Thank you. One moment for our next question. Our next question will come from the line of Hamza Fodderwala from Morgan Stanley. Your line is open.

H
Hamza Fodderwala
Morgan Stanley

Hi, good evening. Thank you for taking my question. Joo Mi, you talked a little bit about the personnel changes and how you're thinking about that. Just curious, how are you reflecting sort of the risk of additional sales disruption on the back of the CRO departure? Is that something that you really contemplated in your 2023 outlook?

J
Joo Mi Kim
Chief Financial Officer

Yes. And this is why we believe our outlook is appropriately derisked from that perspective, because if you take the assumption that we made in addition to the -- assuming that the current macro continues is, no material improve or gain from the newer product. I mean we do see a huge upside to our guidance if our newer product happened to take off in the second half of this year.

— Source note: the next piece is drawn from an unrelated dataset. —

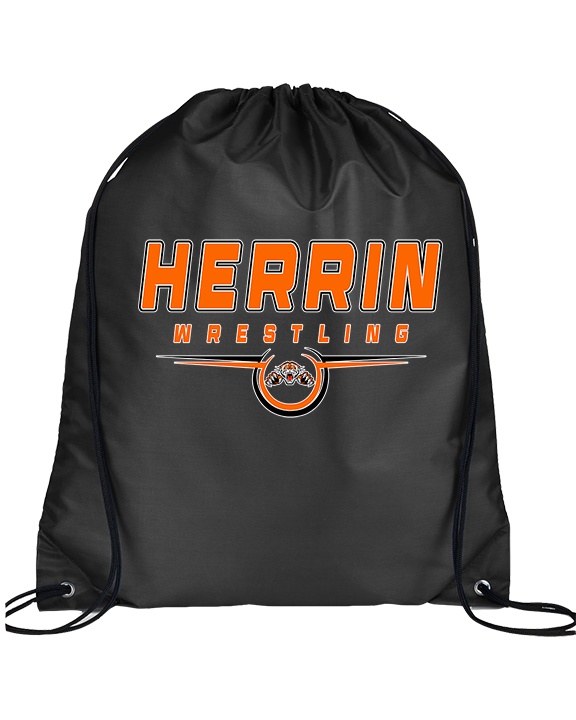 Herrin HS Wrestling Design - Drawstring Bag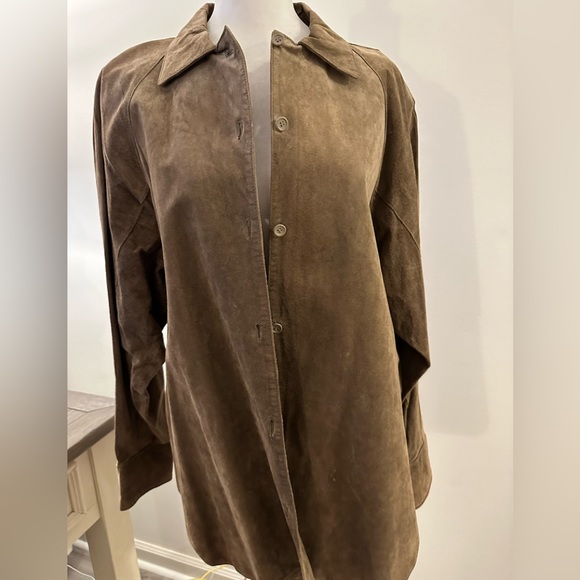 Vintage Georgetown Leather Design Suede Shirt/Jacket - Size M - Picture 1 of 13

However, because of the personnel changes, we believe that the sales and productivity, even though it was lower in Q4, we're assuming that it continues as it is in 2023.

H
Hamza Fodderwala
Morgan Stanley

Got it. And just so I guess, maybe our models are level set, because it is an important metric. I'm curious how you're thinking about growth for CCB throughout the year. I think in times where -- years where things have been slowing we've seen CCB kind of south of revenue growth by a few points. Should we expect CCB to grow like maybe close to 10% this year?

J
Joo Mi Kim
Chief Financial Officer

Not necessarily, because if you think about revenue, it's a lag from the CCB, right? And so when I say the upside, the CCB could grow higher than the revenue and that's the uncertainty. In terms of our guidance for the revenue, however, it's more informed by what we were able to achieve in 2022. We believe we'll be achieving in the first half 2023. That will have a greater weight on the revenue for 2023.

H
Hamza Fodderwala
Morgan Stanley

Okay. Thank you.

Operator

Thank you. I'm not showing any further questions in the queue. With that, this concludes today's conference call. Thank you for participating. You may now disconnect. Everyone have a great day.